Here’s what a sample of these individual/characteristic pairs looks like:

individual characteristic U.indiv I.indiv C.indiv E.indiv P.indiv I.coef C.coef E.coef P.coef U.coef score
842 25 -0.11 -0.82 0.32 -0.57 0.90 0.84 0.12 0.02 0.00 0.02 -0.66
793 151 0.37 0.61 0.13 -0.01 0.53 0.52 0.04 0.41 0.01 0.02 0.33
211 481 -0.31 1.26 -0.73 -0.15 -0.83 0.53 0.00 0.00 0.03 0.43 0.52
948 393 1.15 -0.24 1.22 0.56 0.11 0.23 0.13 0.06 0.52 0.06 0.27
764 331 -0.45 2.18 0.46 0.72 0.07 0.09 0.04 0.19 0.03 0.65 0.07

Here are the distributions of those scores for 5 randomly chosen characteristics, together with their score formulae.

Now, let’s once again compute a “overall” score for each individual. Naturally, these have a much wider range than did overall scores in the previous, more naive model. This is because much of the variance in overall score is driven by only 4 variables. With only 4 variables, there are likely to be many more people who cannot make up their diffencies with strong performances elsewhere.

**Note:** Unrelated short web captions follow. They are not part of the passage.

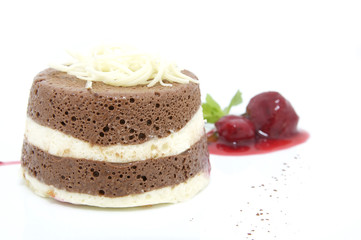 cream dessert garnished with mint on a white background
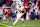 FAYETTEVILLE, ARKANSAS – NOVEMBER 11: Brian Battie #21 of the Auburn Tigers runs with the ball during the game against the Arkansas Razorbacks at Donald W. Reynolds Razorback Stadium on November 11, 2023 in Fayetteville, Arkansas. The Tigers defeated the Razorbacks 48-10. (Photo by Wesley Hitt/Getty Images)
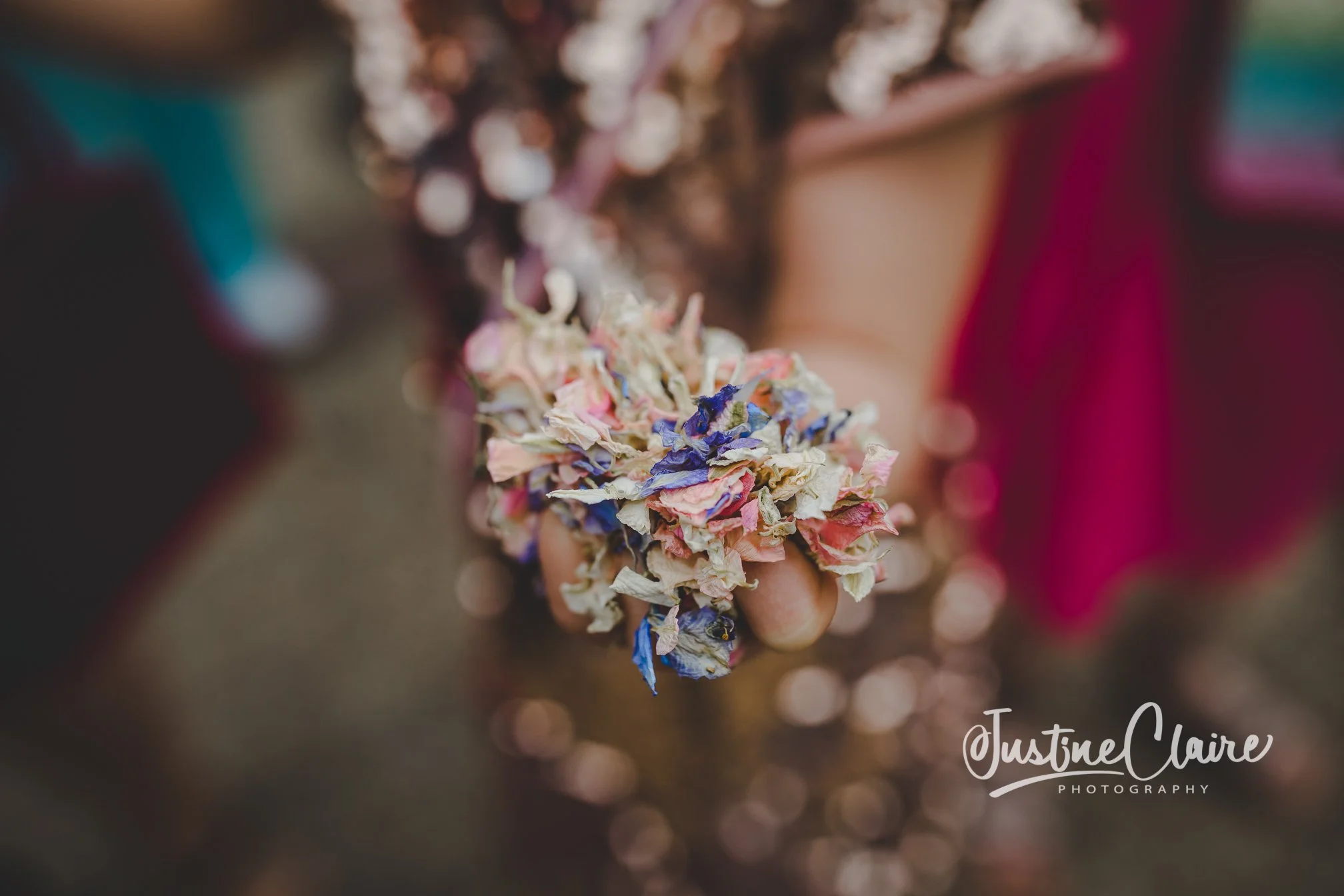 A person holding a bouquet of dried, multicolored flowers, with a blurred colorful background and the text 'JustineClaire Photography' at the bottom right corner.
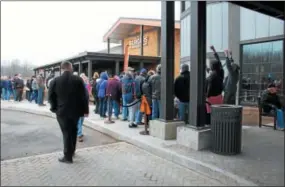  ??  ?? People wait for the grand opening of Point Place Casino on Thursday March 1, 2018.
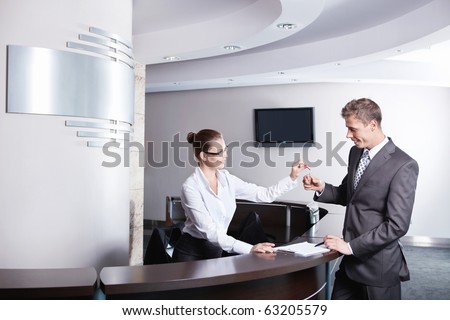 A young girl at the reception gave the keys to businessman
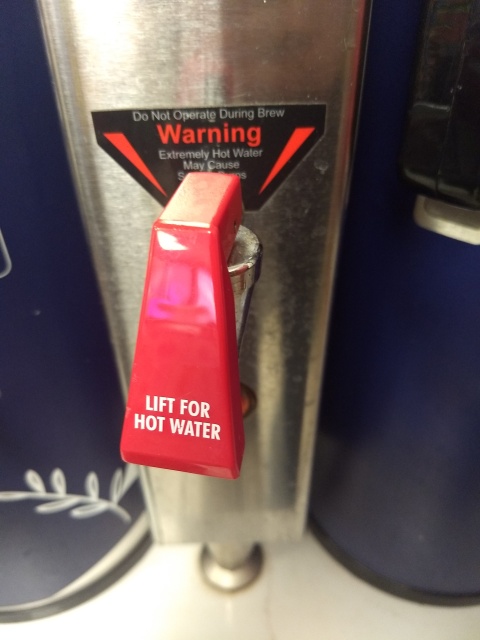 A red plastic handle on a
coffee brewing station with the words “LIFT FOR HOT WATER”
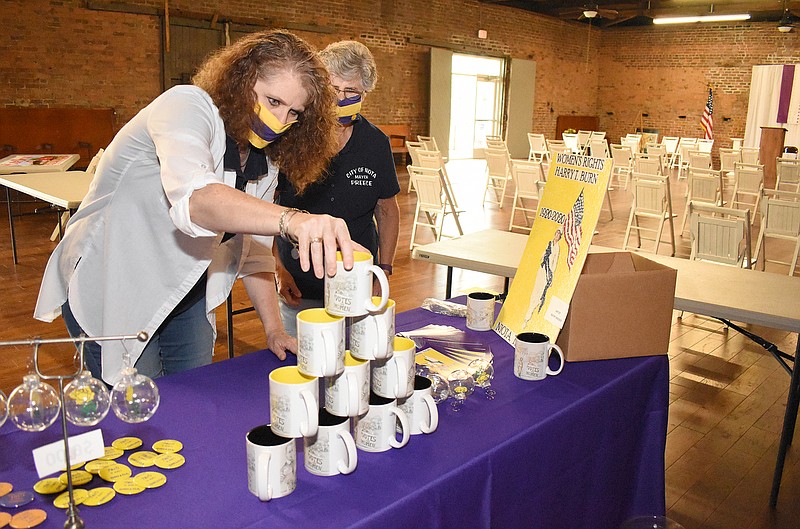 Staff Photo by Matt Hamilton / City recorder Jeannie Anderson sets out mugs featuring a mural celebrating suffrage for women as Niota mayor Lois Preece, back, looks on as they prepare for a celebration of Harry T. Burn on Friday in the Niota Depot. In 1920, Harry T. Burn cast the deciding vote which led to women's suffrage in the United States.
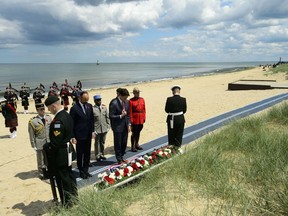 Prime Minister Justin Trudeau will travel to France next month for the 80th anniversary of D-Day. Trudeau and the Prime Minister of France Edouard Philippe take part in a wreath laying as part of the D-Day 75th Anniversary Canadian National Commemorative Ceremony at Juno Beach in Courseulles-sur-Mer, France, Thursday, June 6, 2019.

by_individual2 <- nonmeta.indiv %>% group_by(individual) %>% summarise(overall = mean(score))

Now let’s work out what score you have to get to be special in each characteristic. Naturally, because of the broader dispersion of outcomes shown above, the score to become special is lower in a world where skills are inter-related.

cutoffs2 <- nonmeta.indiv %>% 
            group_by(characteristic) %>% 
            summarise(top_decile = quantile(score, 0.9))

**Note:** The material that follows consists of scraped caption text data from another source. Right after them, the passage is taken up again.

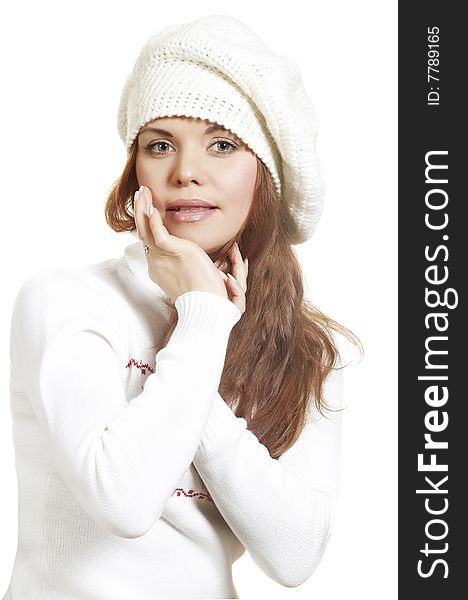 The beautiful young woman in a white winter sweater. The beautiful young woman in a white winter sweater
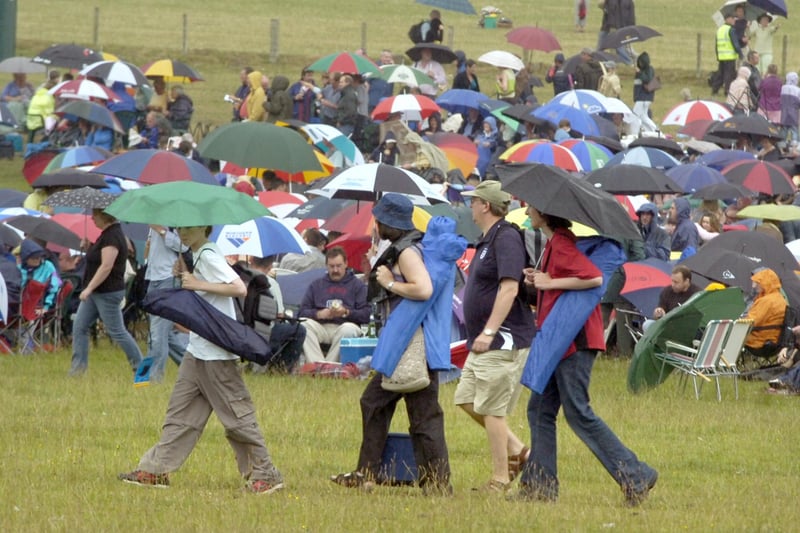 The crowds settle down in the rain at The Pastures.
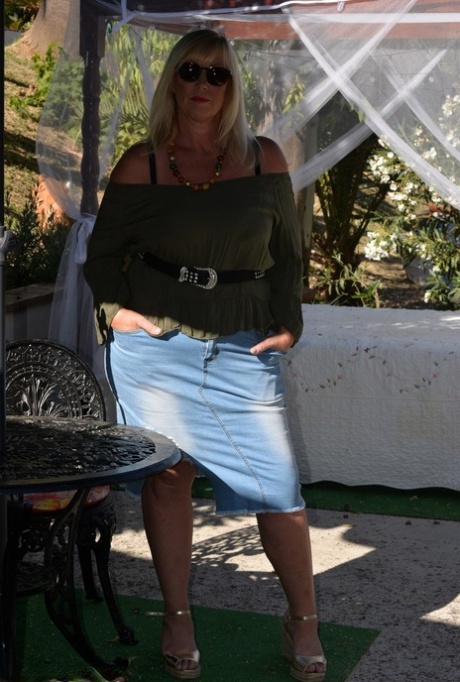 Melody, the overweight blonde, fondles her breasts while wearing sunglasses outside.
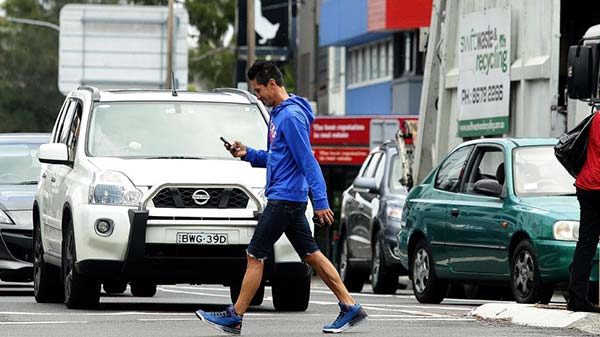 While crossing the road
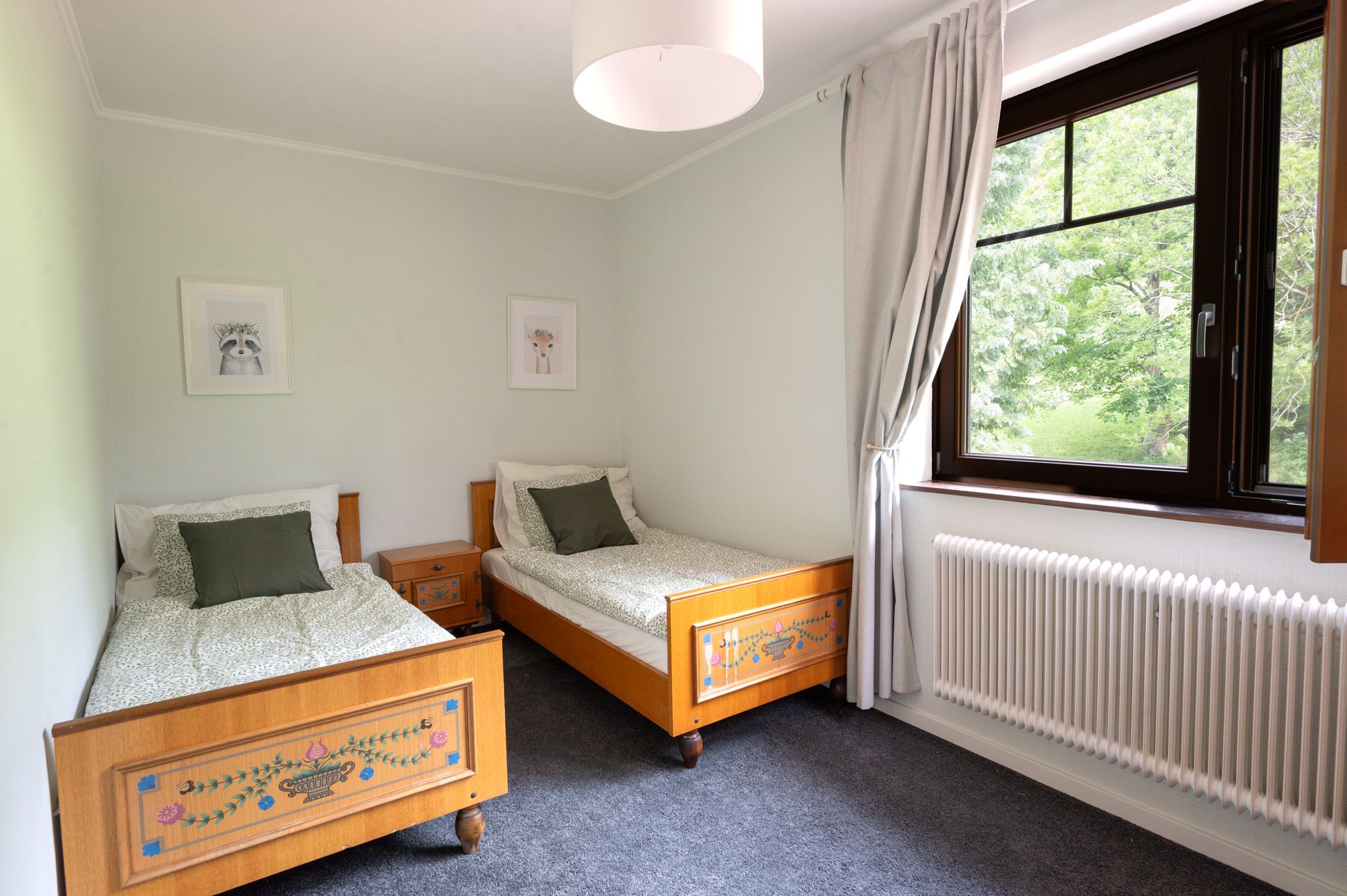 Schlafzimmer mit zwei Einzelbetten, Holzmöbeln und einem großen Fenster mit Blick ins Grüne.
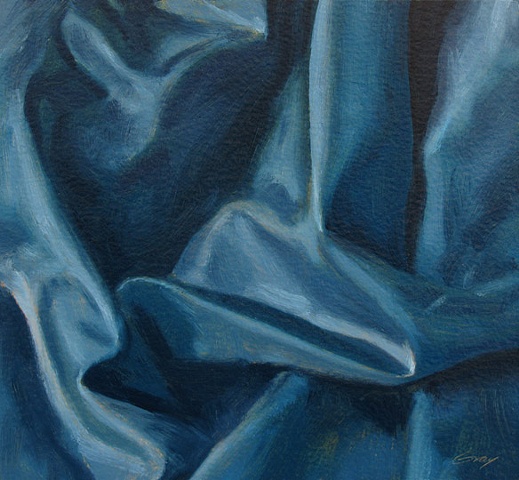 Blue satin cloth folds, close up.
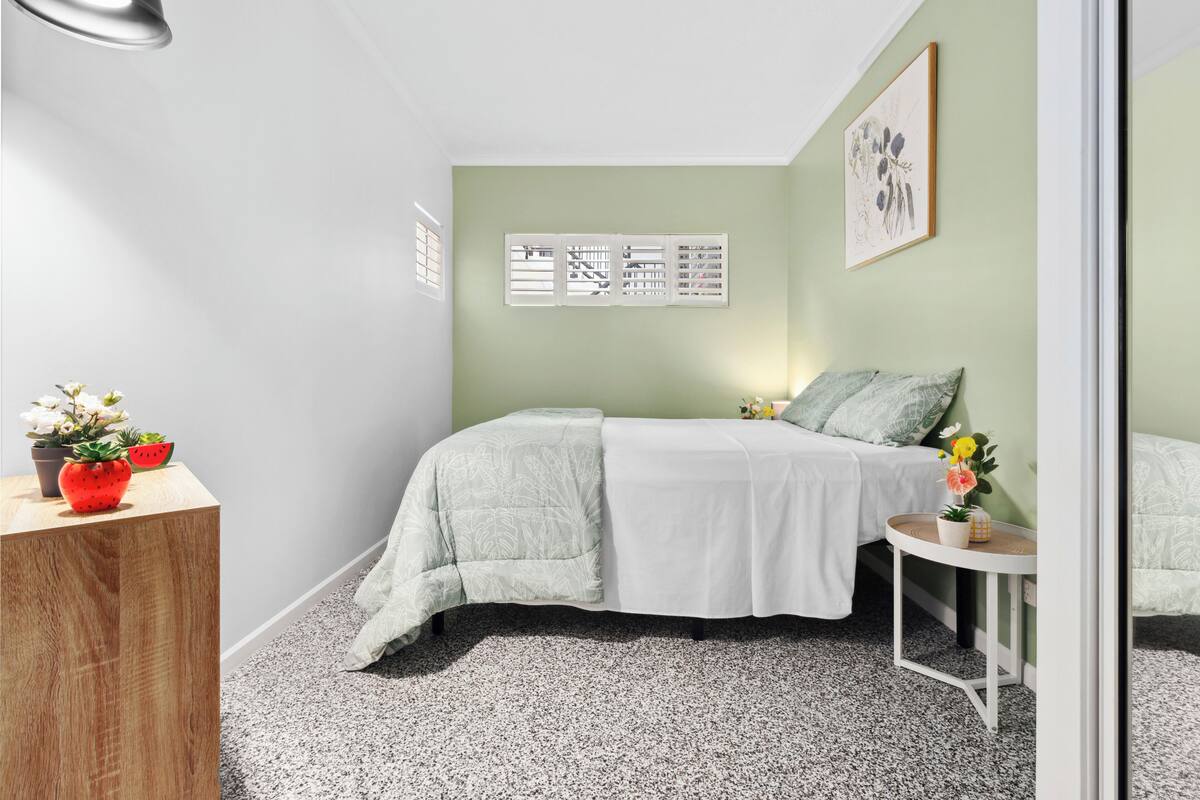 Une chambre à coucher avec un lit, une petite table et une table de chevet en bois.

Then let’s apply those requirements to all of the individual scores in each characteristic. Once again, because of the dispersion in outcomes, we see a very different graph.

special_count2 <- nonmeta.indiv %>% 
                    inner_join(cutoffs2) %>% 
                    mutate(special = score >= top_decile) %>%
                    group_by(individual) %>%
                    summarise(n_specials = sum(special)) %>%

In this new model, 4 individuals are not special in anything.

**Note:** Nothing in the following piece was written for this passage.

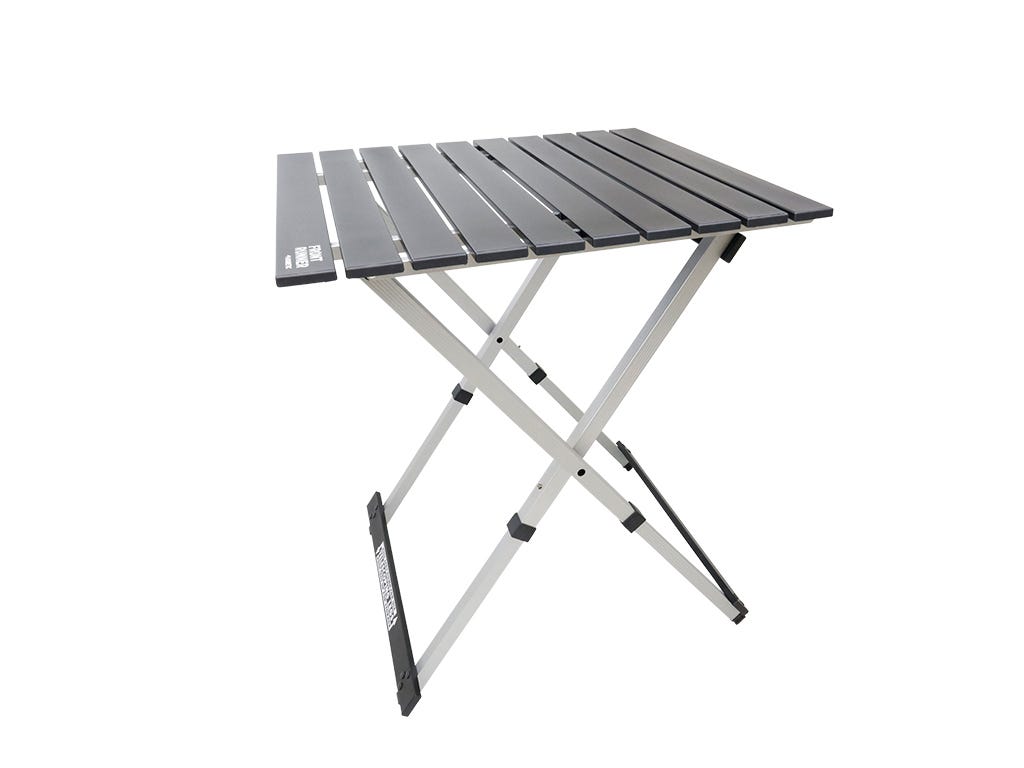Foldable camping table with gray top and white legs on a white background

On slightly more realistic assumptions, therefore, it looks like not everyone is guaranteed to be special. However, the different results we recieved from each model are important in themselves. When more of one’s variance is due to a few factors, that increases the likelihood that people will not be able to compensate for weakness in one area with strength in another. That has interesting implications for how we think about, for instance, the disappearance of manual labour work. As jobs become increasing knowledge-focused, our performance coalesces more and more around one factor – intelligence. That increases the likelihood that some people will fall behind, even if, in previous times, their physical strength or other characteristics could have compensated. We should be careful to consider this when designing social policy.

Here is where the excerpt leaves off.